» **Aim of the task**: Reproduce the listing below in full and without alteration, apart from its pictures.

» **Data segment**:

########################################

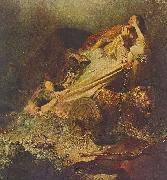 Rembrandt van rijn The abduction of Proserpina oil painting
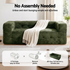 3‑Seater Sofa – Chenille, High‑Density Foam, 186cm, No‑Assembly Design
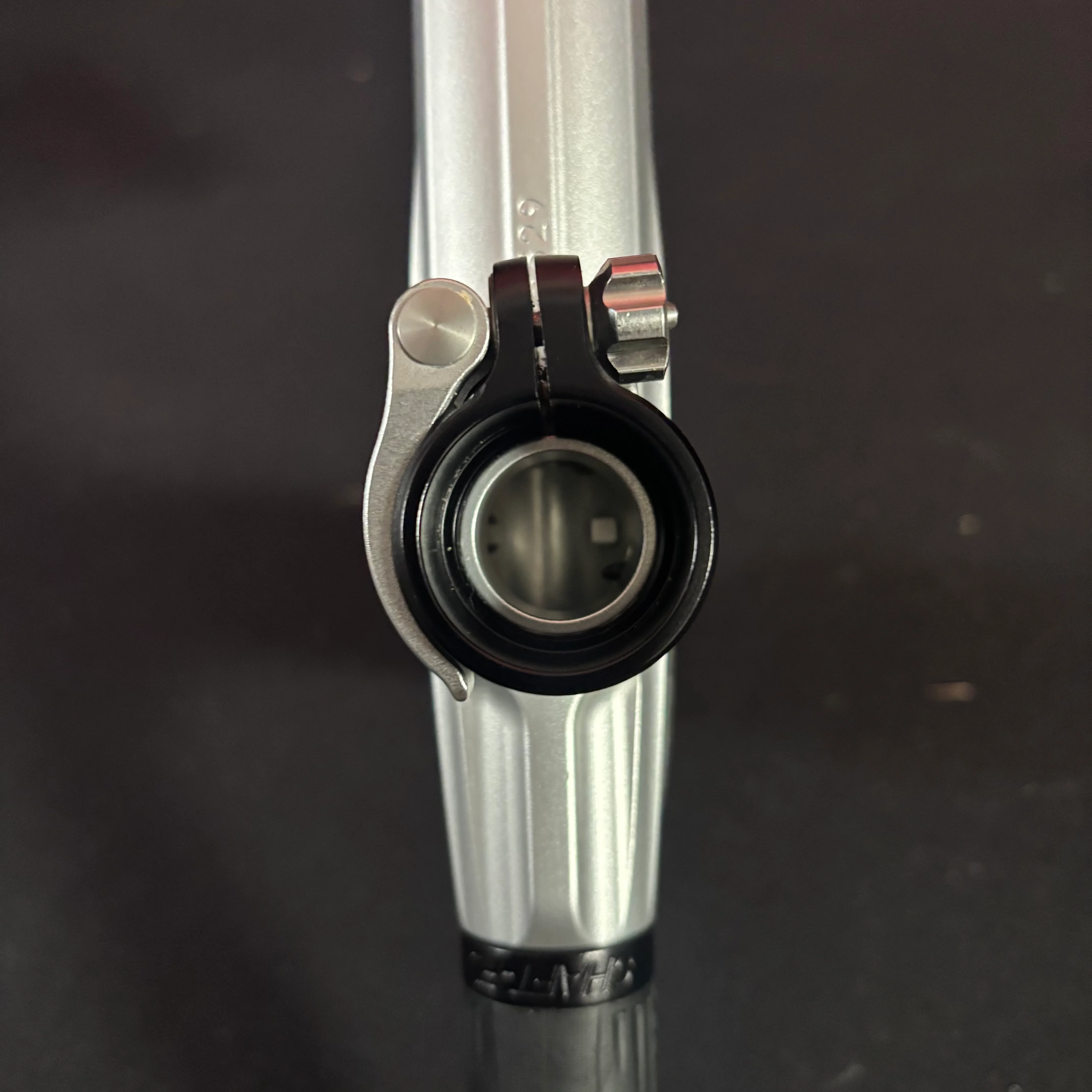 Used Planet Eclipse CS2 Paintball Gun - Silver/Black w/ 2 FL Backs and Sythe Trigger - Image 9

########################################

» **Solution**:
 Rembrandt van rijn The abduction of Proserpina oil painting
 3‑Seater Sofa – Chenille, High‑Density Foam, 186cm, No‑Assembly Design
 Used Planet Eclipse CS2 Paintball Gun - Silver/Black w/ 2 FL Backs and Sythe Trigger - Image 9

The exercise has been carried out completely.